GDP growth in the US continued to surprise on the upside while inflation maintained its steady decline. The resilience of consumers in both the US and UK has meant that the ECB, Fed, and BoE have been cautious about their rate outlook and reinforced the stance of ‘higher for longer.’ This outlook supressed markets in September and October but the holding of rates in early November has prompted a feeling we may have hit peak rates.

The pausing of interest rate rises by these three main central banks in the same week was a great boost to economic optimism, that rates are now at their likely highest level. Stock markets took comfort from this and have rallied through most of November. Despite the optimism from stock markets, the real economy is not likely to start a recovery phase for another 12 months.
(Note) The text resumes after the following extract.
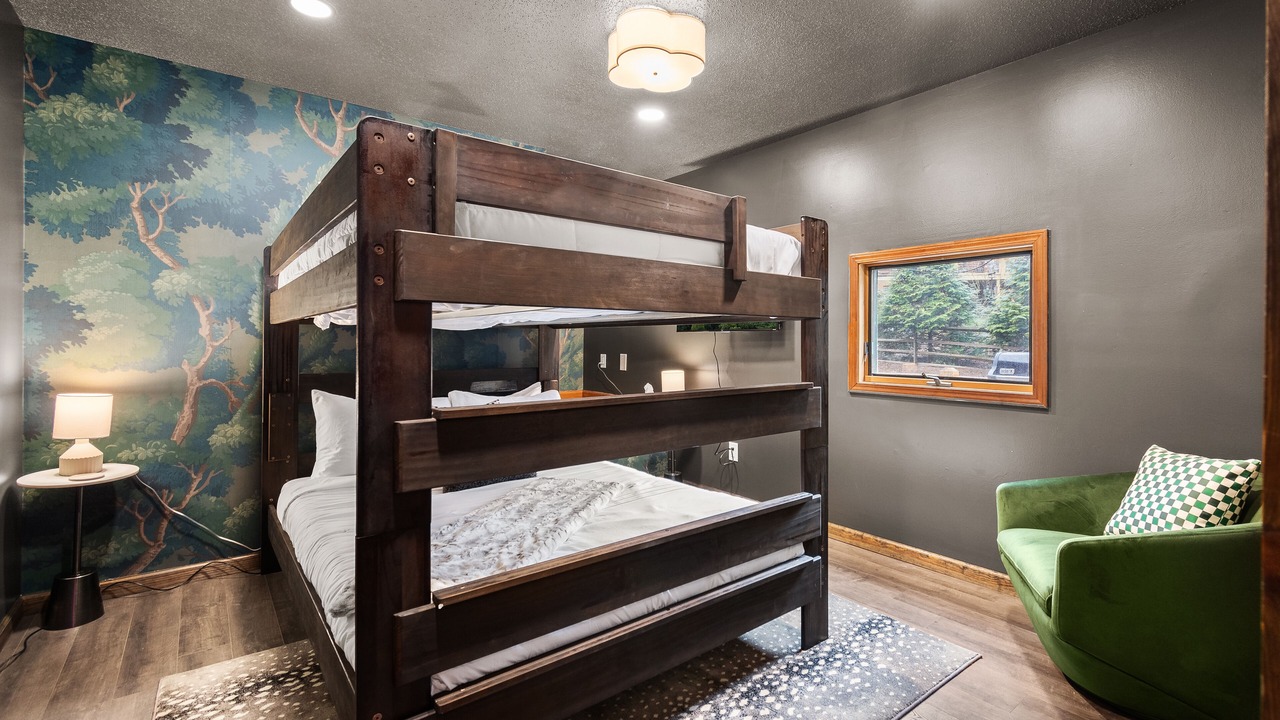Photo of Bedroom in Skyland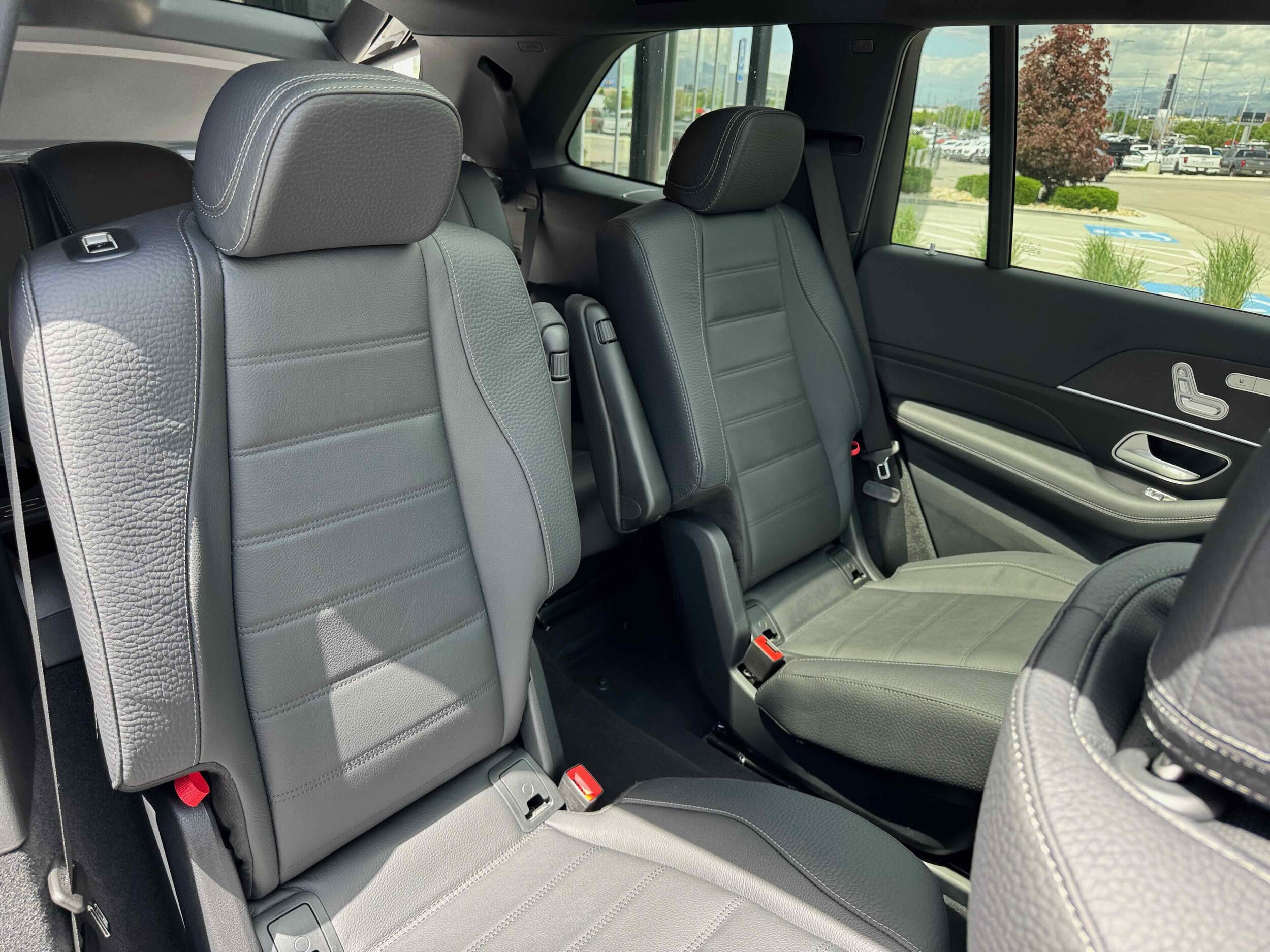 2025 Mercedes-Benz GLS Base - Photo 32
The global economy is decelerating and for this reason within the next six months the major central banks are expected to start cutting interest rates. The most influential forecast is that the Federal Reserve policy rates will be lower within the next 12 months. This is the same outlook for interest rates in Europe and the UK. Yield curves will steepen as short-term rates start to fall.
With this outlook it is right to maintain and even overweight the bond allocations in our portfolios. We have therefore focused upon UK and US government bonds and investment grade credit. In any rate cutting environment as bond yields fall prices will rise.

All our portfolios have been holding a significant allocation to cash as this has been the most reliable diversifier in 2023. We have however removed our exposure to natural resources as the global demand slows and to property due to high interest rates. We will review these holding in the future.

We expect to maintain our overweight in the US and to international markets and increased further our exposure to emerging markets and Japan but eased down our holdings in Europe, UK, and Asia.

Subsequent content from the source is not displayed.